---- Record set

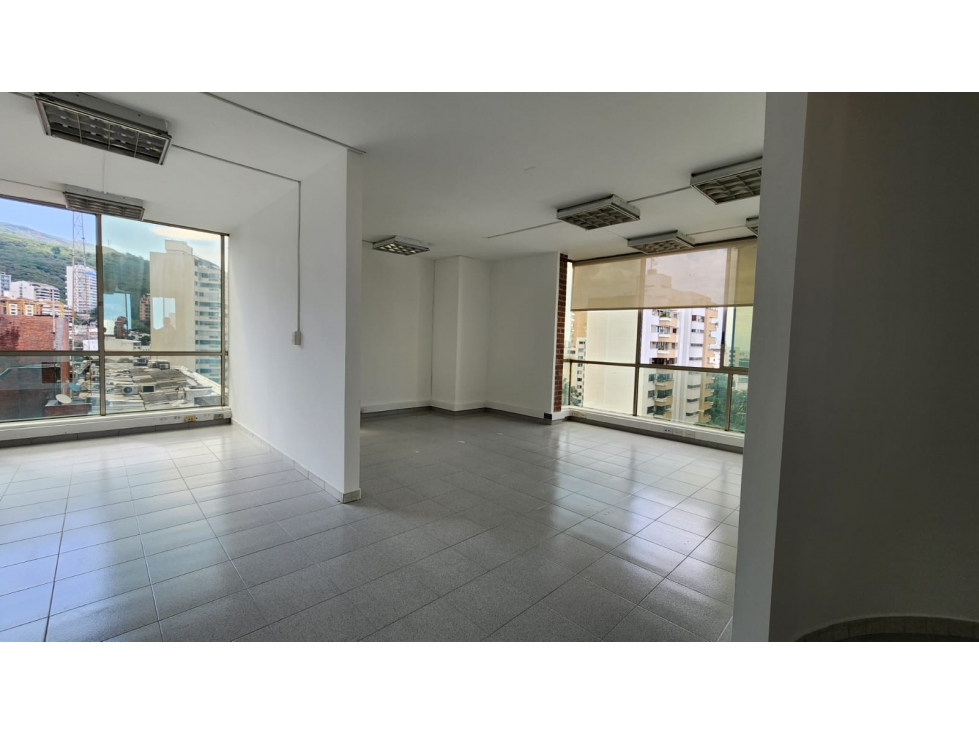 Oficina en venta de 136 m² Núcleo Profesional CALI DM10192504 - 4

--------
---- Record set

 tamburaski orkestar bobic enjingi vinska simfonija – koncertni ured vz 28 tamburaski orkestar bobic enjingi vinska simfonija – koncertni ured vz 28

--------
---- Record set

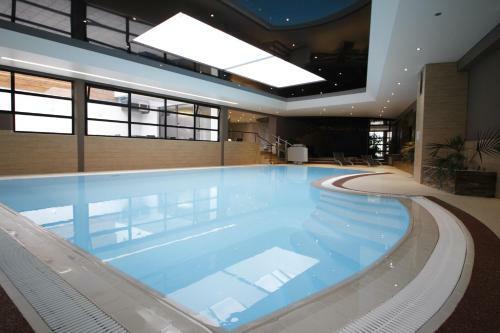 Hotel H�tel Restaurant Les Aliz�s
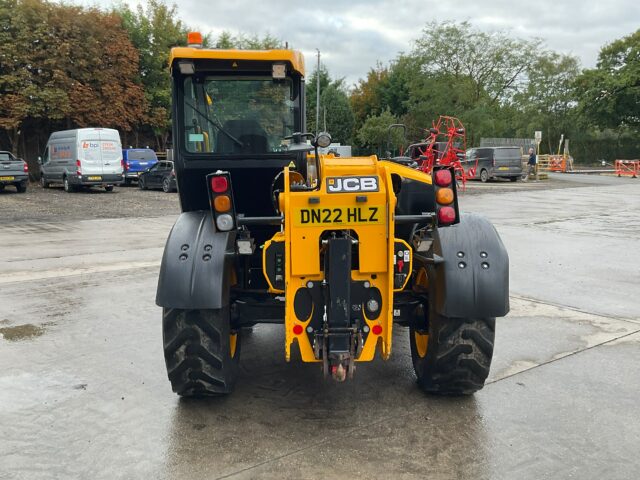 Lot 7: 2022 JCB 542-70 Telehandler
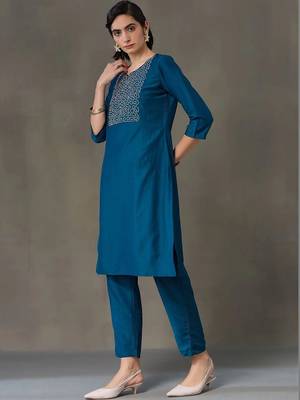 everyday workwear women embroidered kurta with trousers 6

--------

Directions: Using the data above, return the lines from the one holding "Lot 7: 2022 JCB 542-70 Telehandler" through the one holding "everyday workwear women" exactly, but not the pictures.

Exercise solution:
 Lot 7: 2022 JCB 542-70 Telehandler
 everyday workwear women embroidered kurta with trousers 6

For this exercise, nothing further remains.